Yanan Wang, a post-doctoral researcher at UH, is co-first author on a paper describing the discovery of a new principle of optofluidics. Credit: University of Houston

As they explored, they realized something more complicated was a work than a transfer of momentum from the laser photons to the liquid. Their observation resulted in a novel optofluidics principle, which is explained in a paper published in the Science Advances journal on September 27th, 2017.

It was not so simple. The momentum from a laser isn’t strong enough to activate the movement.

Jiming Bao, Associate Professor of Electrical and Computer Engineering, the University of Houston and Lead Author of the paper

Usually, light passes straight through water without any scattering and absorption, so Bao said that even strong momentum from the photons would not produce a liquid stream. The gold nanoparticles turned out to be key – Researchers identified that the nanoparticles were originally required to create the stream since they reacted to focused laser pulsing to produce a plasmonic-acoustic cavity, a structure Bao explained as a “bowl” that formed on the inner wall of the cuvette, a kind of glass test tube.
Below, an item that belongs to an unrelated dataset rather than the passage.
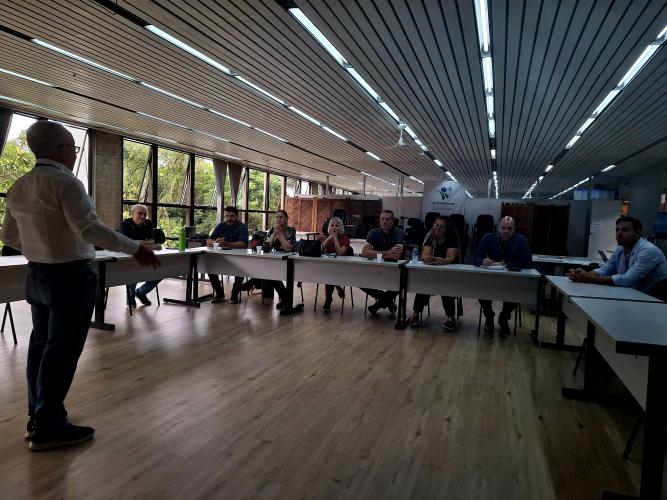 oficina_alinhamento estrategi 5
The moving stream of liquid is induced by ultrasound waves produced by the expansion and contraction of the nanoparticles, which occurs when nanoparticles on the cavity surface heat up and cool down with each laser pulse. The stream was recorded on video.

The nanoparticles can be removed as soon as a cavity is made. Bao said that streaming can be triggered in any fluid.

The discovery has the prospective to drastically enhance work in several fields, including lab-on-a-chip experiments involving moving liquids, such as a droplet of blood, at a microscopic scale.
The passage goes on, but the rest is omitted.